What is the art I practice?
Should the name of the skill I practice daily be Tai Chi Chuan or Tai Chi Dao? For me, as I get closer to my 70th birthday, I no longer consider the training I do with my mind and body preparation to get into a fight. In fact, I doubt I've considered it as training for combat since I retired from the military. As Master Peter Moi would have said, if you have to fight, you did not use your Tai Chi training to avoid the situation.
An essential element of intermediate and advanced internal martial arts training is learning the skill of reading the environment, detecting the spirit that is there and responding only when necessary. Being aware of the environment is not some secret skill, but to learn it as part of your Tai Chi forms practice does require being aware of all the information your senses can perceive. Most of us already can do this to some extent. Have you ever been walking in a city and suddenly realize you have entered a neighbourhood that it might be better to avoid?
There are usually fairly obvious things that can be seen or heard that clue us in to the fact that the way we are going is not the right way, and that unless the address we have to go to is that way, it would be better to find another way to get there. But in Tai Chi Chuan practice, we also want to learn what our other senses tell us. The Tai Chi classics often use a character translated as spirit, and for the most part it is used in a way that implies a lot more awareness of the environment than the standard five senses. Perhaps because the sense of spirit in an environment is a product or sum of the "extra" senses modern science tells us human beings have available. And in our current world, there will soon be people learning Tai Chi who have engineered extra senses.
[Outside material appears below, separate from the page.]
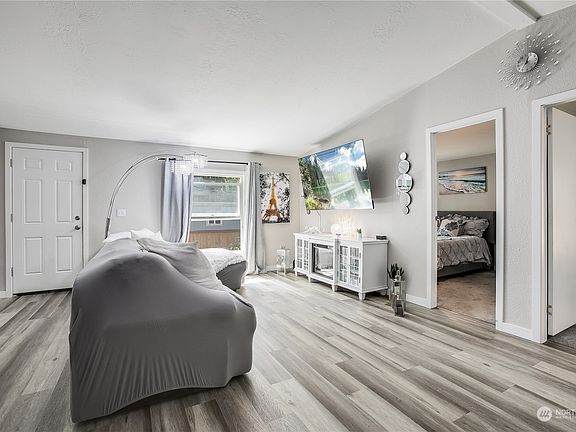 4th image of 20204 135th Avenue E #45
Someone who aspires to become a master of Tai Chi Chuan is also someone who aspires to be the absolute best fighter, and an essential part of that is the hyper-awareness that is discussed in training manuals for various kinds of elite special forces. That aspiration also requires the physical fitness of an Olympic level champion, as well as mastery of the external strengths and skills of a warrior. And these days, also a mastery of the tools of the trade, weapons, night vision, and all the other equipment of a modern warrior.
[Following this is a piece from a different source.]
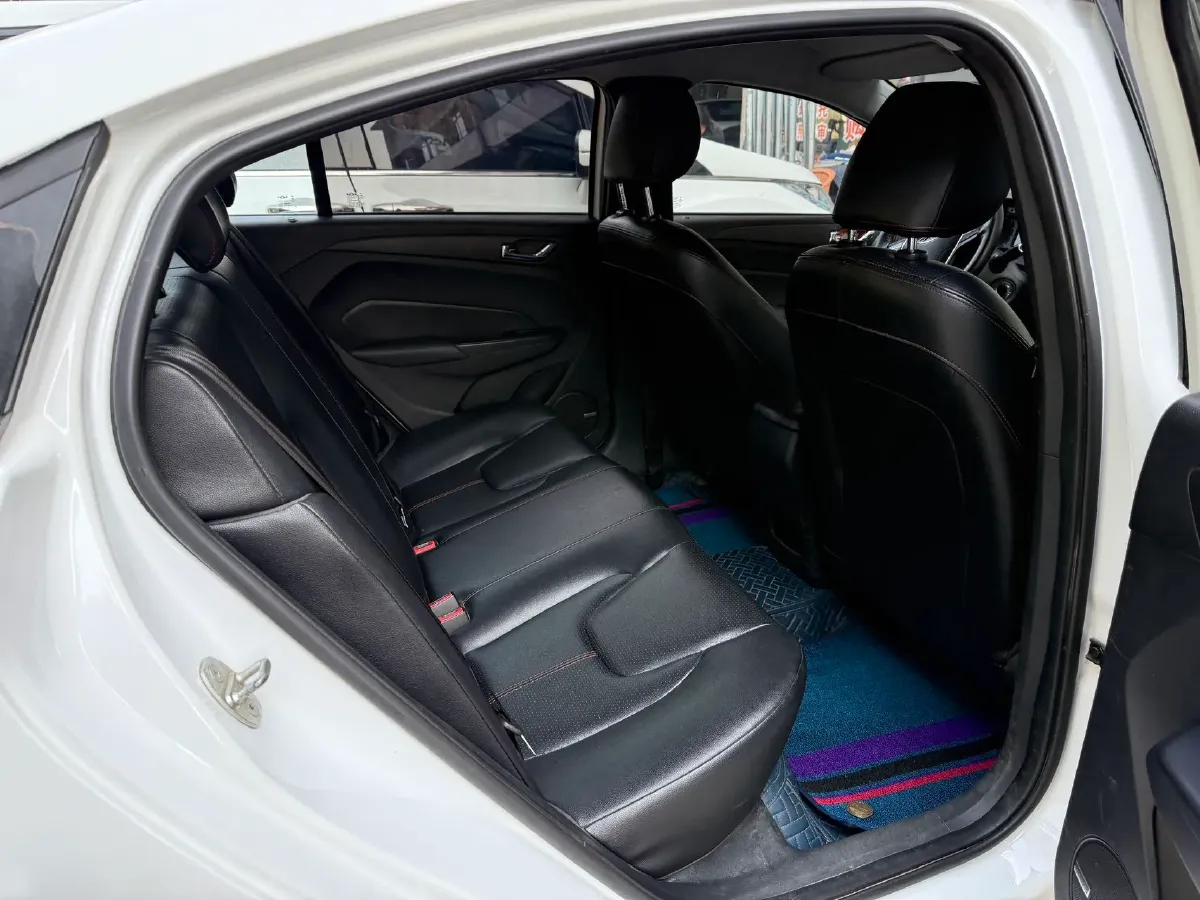 2017 Chery Arrizo 5 1.5L 116HP L4 CVT,autocango,china used car exporter,china ev exporter,chinese used car exporter,chinese used ev exporter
Wouldn't it be nice if all the wars were fought by just these guys and gals, the aspiring master warriors? Off someplace else, though maybe with webcams watching the action.
Although I served 20 years in the military, and in fact did see combat in Vietnam, I was perfectly happy to serve mainly in support roles. My own personality, while war-like enough to enjoy the sport of fencing, is not that of a true warrior. So why bother to learn Tai Chi Chuan? Why not just call it just Tai Chi and forget all the martial applications and make my forms more like a dance than actual practice for combat? Maybe throw in a bunch of philosophical sounding intellectual statements to justify teaching Tai Chi without the martial aspect, somehow pretending that it's purely for health.
Well, the fact is that the health benefits simply won't be very significant if I don't work on the spirit side of Tai Chi Chuan -- the part of the learning that has to do with sensing both the spirit of the environment and my opponent (or dance partner), as well as my own body, heart and spirit. Being fully aware of my body requires also being fully aware of the environment my body is in. Being fully aware of both my internal self and the external reality in the same way a warrior is on the field of combat.
For me, Tai Chi Dao signifies the goal of this kind of self-control at least when performing a form. And when possible to bring this self-awareness to the rest of my daily life.